About this exercise ▸ Repeat the data that follows exactly, starting at the line with "Papel De Regalo" and ending at the line with "thumbnail image 4", and leave out every picture.

Entries shown ▸
┌──

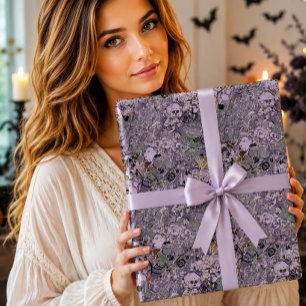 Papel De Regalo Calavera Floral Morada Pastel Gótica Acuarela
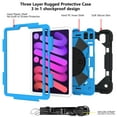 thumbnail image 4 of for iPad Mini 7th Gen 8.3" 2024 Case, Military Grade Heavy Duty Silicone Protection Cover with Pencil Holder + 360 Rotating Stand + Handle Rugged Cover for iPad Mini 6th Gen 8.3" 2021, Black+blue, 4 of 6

└──
┌──

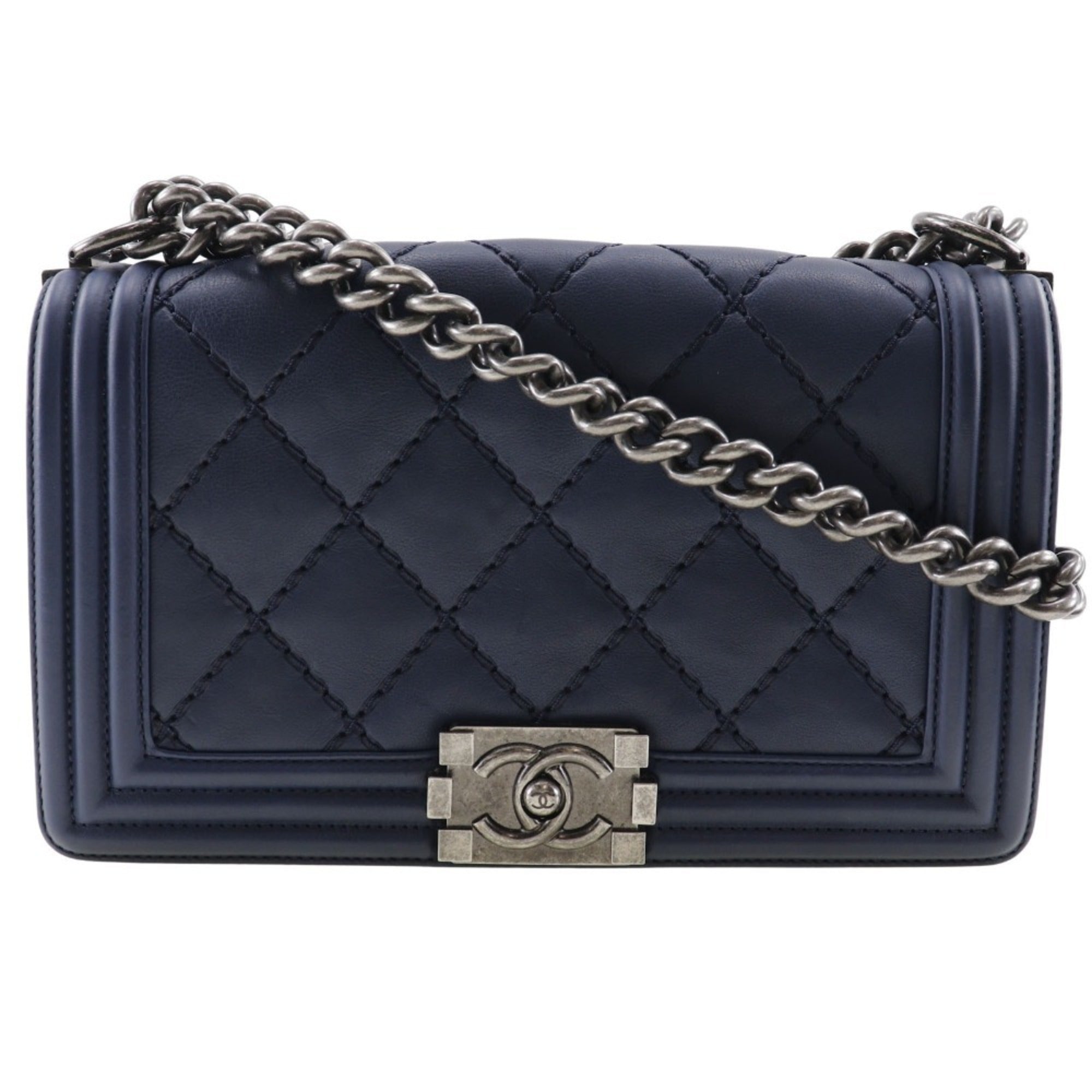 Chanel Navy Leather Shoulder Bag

└──
┌──

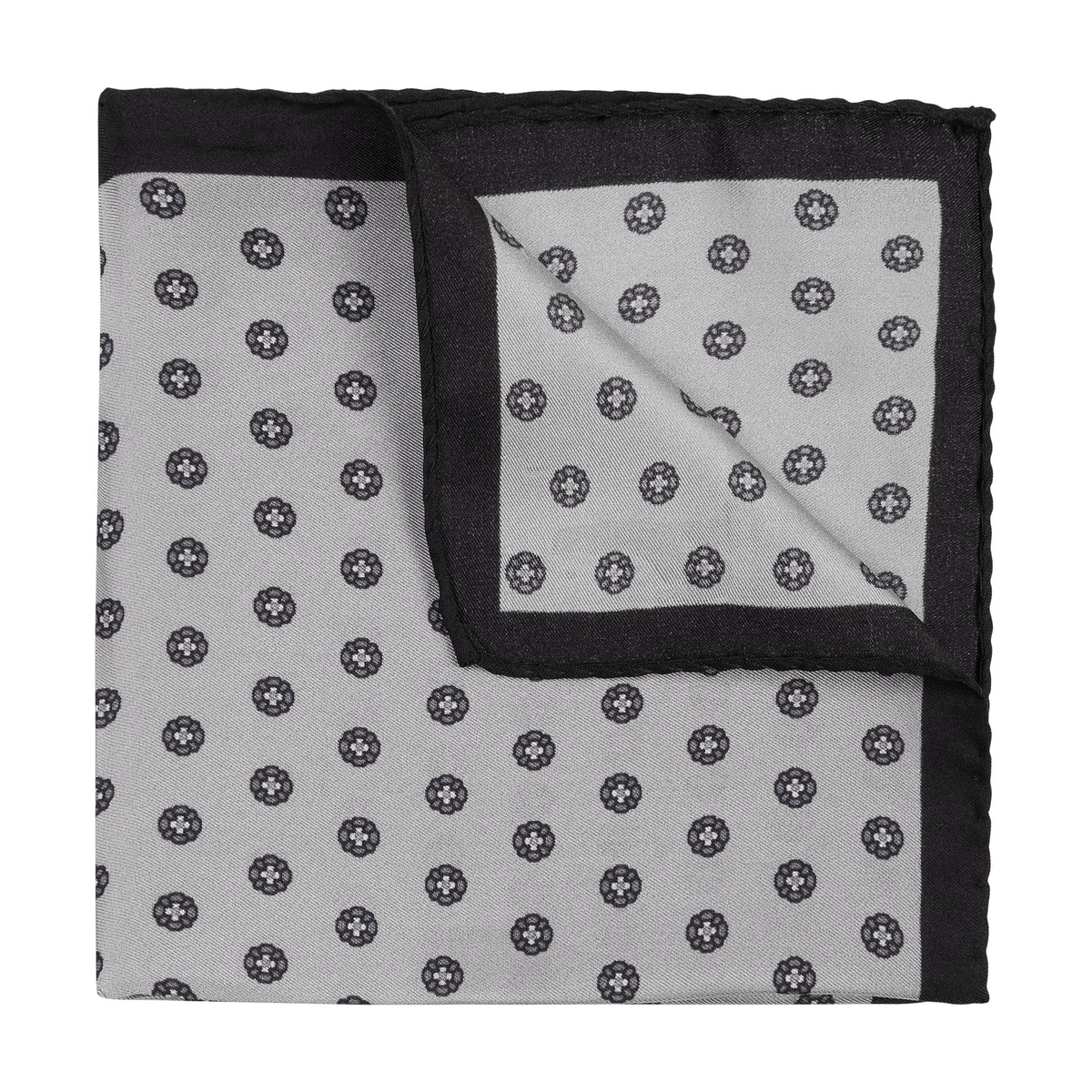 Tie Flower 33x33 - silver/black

└──

Task output ▸
 Papel De Regalo Calavera Floral Morada Pastel Gótica Acuarela
 thumbnail image 4 of for iPad Mini 7th Gen 8.3" 2024 Case, Military Grade Heavy Duty Silicone Protection Cover with Pencil Holder + 360 Rotating Stand + Handle Rugged Cover for iPad Mini 6th Gen 8.3" 2021, Black+blue, 4 of 6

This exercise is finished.